Depuis mon retour, donc, je vois New York, je l’entends. Et alors qu’avant, je ne parvenais pas à interpréter les images de destruction sur lesquelles je me penchais pourtant depuis des mois, à aller au-delà d’une compréhension abstraite, voici que maintenant, lorsque je vois le pont piétonnier nord aux vitres soufflées, je le reconnais. Le World Financial Tower. Le Winter Garden. Le Banker’s Trust. Les proportions, je crois, commencent à faire sens.
Peut-être n’est-il donc pas si étonnant que depuis mon retour, je regimbe à retrouver les nouvelles. Comme cette chose, lancée ici, avec des numéros, que je ne me résous pas à continuer. Je la sens bien présente, je devine qu’elle détient quelque chose de la structure du recueil. Mais voilà : elle devra dire quelque chose, placer mes personnages dans cet espace, dans ce temps, dans cette destruction. Et je ne suis pas prête. Pas encore. Je veux les laisser absorber la fraicheur de la pierre dans leurs dos, lorsqu’ils s’enlacent avant le travail. Observer la statue de la liberté, écouter les bruits du ressac dans Battery Park.
Juste un peu.
samedi 4 avril 2009
New York imaginaire (29 mars)
Lorsque je ferme les yeux et tente de voir New York, je suis quelque part sur Madison, et j’ai devant moi les immeubles de pierres brunes. La rue est tranquille, quelques piétons çà et là, mais on entend l’agitation de la ville, pas si loin.

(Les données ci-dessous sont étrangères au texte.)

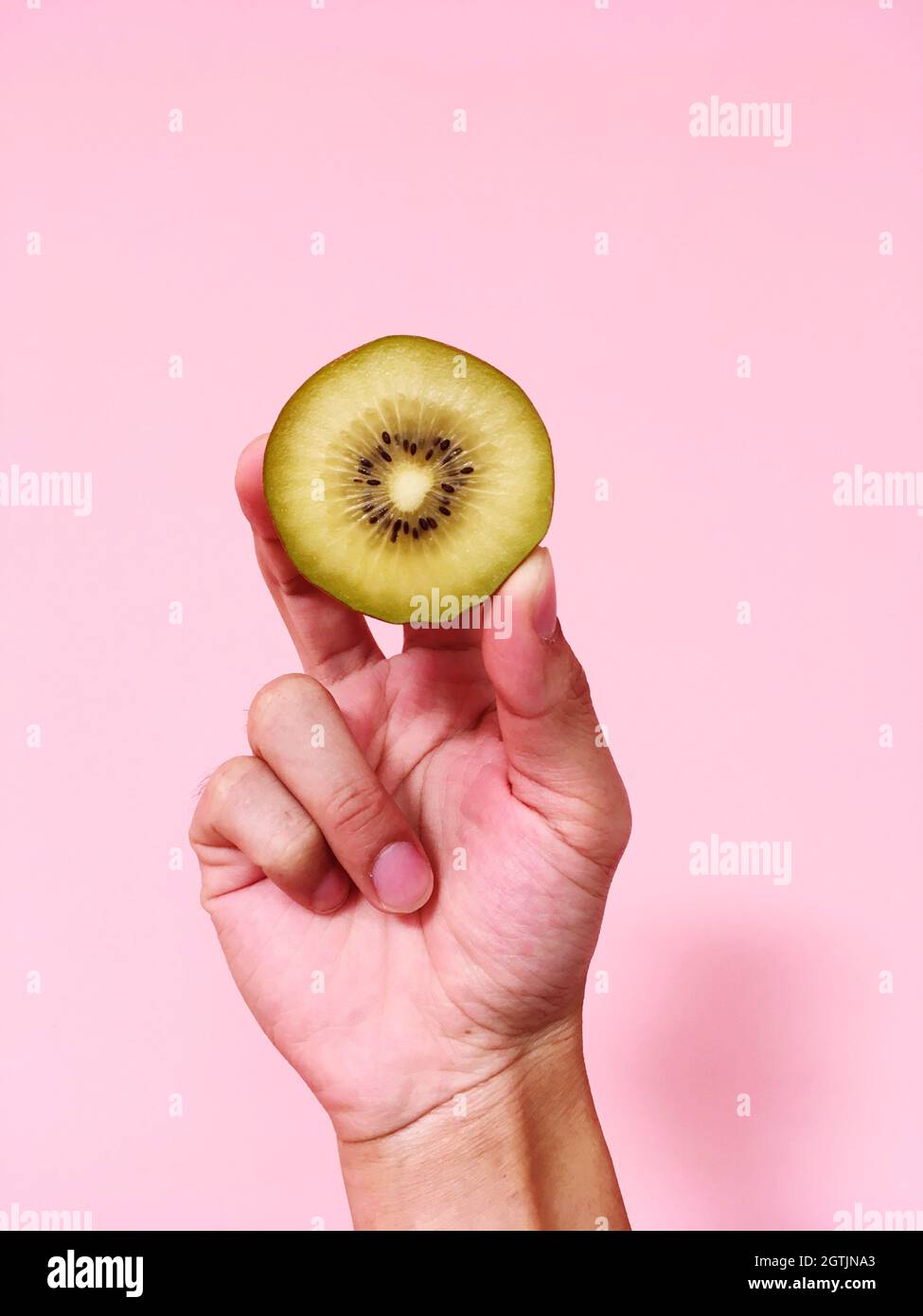 Cropped Hand Holding Kiwi Slice Against Pink Background Stock Photo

Une sirène se fait entendre, mais personne ne lève vraiment la tête pour savoir d’où elle vient. Elle fait partie du paysage.
Lorsque je ferme les yeux et m’imagine New York, je vois le nuage de poussière envahir les rues, et les visages blanchis s’arrêter, à bout de souffle. J’entends le silence qui recouvre le bas Manhattan, et il me semble que plus jamais nous n’entendrons les bruits courants de la vie, les cris et les sirènes, les appels et les rires.
New York, depuis le 11 septembre, existe dans mon esprit quelque part entre ces deux souvenirs qui n’en sont pas. Je n’ai jamais vu New York autrement que par le biais des romans, films et séries télévisées. Le corps blotti dans le siège bleu de l’avion, j’imagine ce que je trouverai à mon arrivée dans cette ville que je n’ai cessé d’imaginer depuis toutes ces années. Je m’approche d’elle par des détours, par une autre ville américaine, comme si je n’avais pas voulu entrer directement aux États-Unis par New York. Comme s’il m’avait d’abord fallu prendre le temps d’apprivoiser la proximité d’un lieu qui m’habite depuis un matin de septembre.